=== AIM OF THE EXERCISE ===
Write out, without any change, the lines in the material below that run from the line with "We need to fill" through the line with "The balance sheet", both included.
SOURCE INFORMATION below:
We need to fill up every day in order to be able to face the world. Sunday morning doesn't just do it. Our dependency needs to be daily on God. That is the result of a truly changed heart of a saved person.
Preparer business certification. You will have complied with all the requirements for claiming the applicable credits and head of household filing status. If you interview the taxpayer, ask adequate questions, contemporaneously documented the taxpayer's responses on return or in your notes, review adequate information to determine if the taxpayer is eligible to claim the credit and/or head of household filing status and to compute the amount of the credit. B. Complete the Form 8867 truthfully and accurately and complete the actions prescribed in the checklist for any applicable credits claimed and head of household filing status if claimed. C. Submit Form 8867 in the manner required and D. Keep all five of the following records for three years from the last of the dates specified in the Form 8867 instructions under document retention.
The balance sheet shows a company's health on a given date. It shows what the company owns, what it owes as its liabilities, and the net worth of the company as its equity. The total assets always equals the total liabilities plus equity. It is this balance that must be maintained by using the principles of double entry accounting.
End of SOURCE INFORMATION.
SOURCE INFORMATION below:
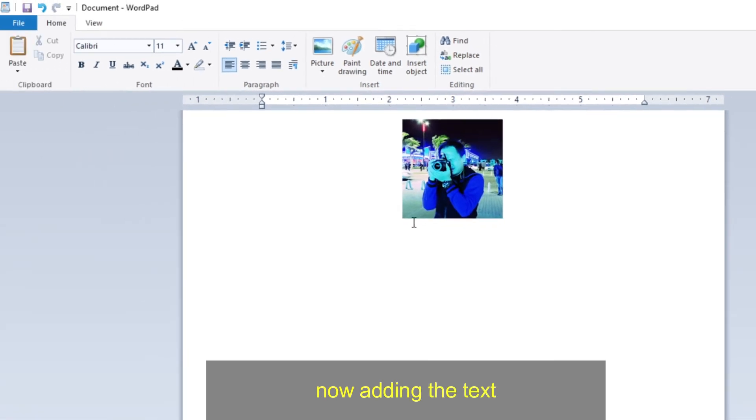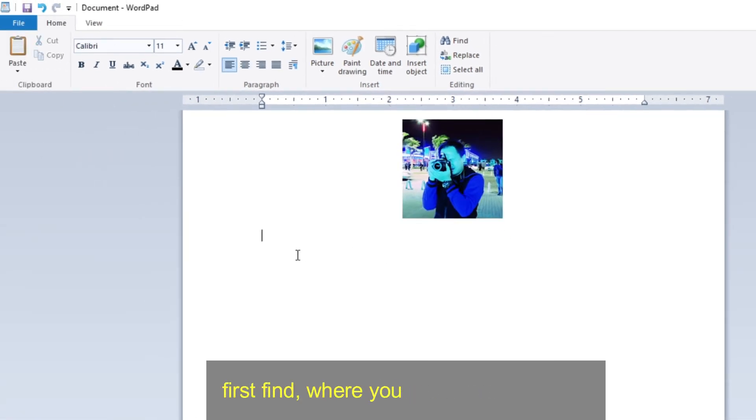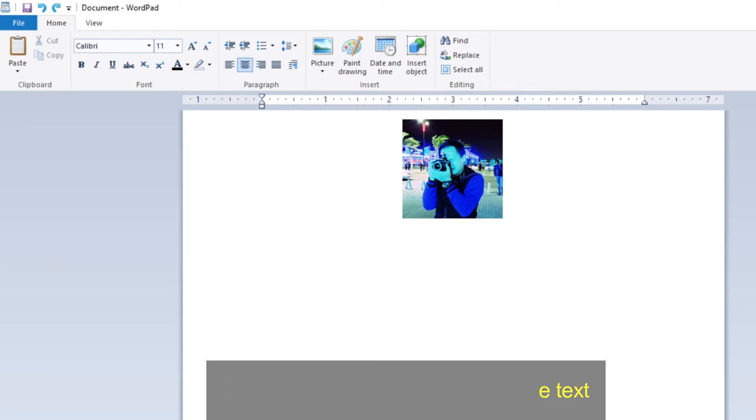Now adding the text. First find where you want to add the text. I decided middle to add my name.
End of SOURCE INFORMATION.
=== ANSWER BELOW ===
We need to fill up every day in order to be able to face the world. Sunday morning doesn't just do it. Our dependency needs to be daily on God. That is the result of a truly changed heart of a saved person.
Preparer business certification. You will have complied with all the requirements for claiming the applicable credits and head of household filing status. If you interview the taxpayer, ask adequate questions, contemporaneously documented the taxpayer's responses on return or in your notes, review adequate information to determine if the taxpayer is eligible to claim the credit and/or head of household filing status and to compute the amount of the credit. B. Complete the Form 8867 truthfully and accurately and complete the actions prescribed in the checklist for any applicable credits claimed and head of household filing status if claimed. C. Submit Form 8867 in the manner required and D. Keep all five of the following records for three years from the last of the dates specified in the Form 8867 instructions under document retention.
The balance sheet shows a company's health on a given date. It shows what the company owns, what it owes as its liabilities, and the net worth of the company as its equity. The total assets always equals the total liabilities plus equity. It is this balance that must be maintained by using the principles of double entry accounting.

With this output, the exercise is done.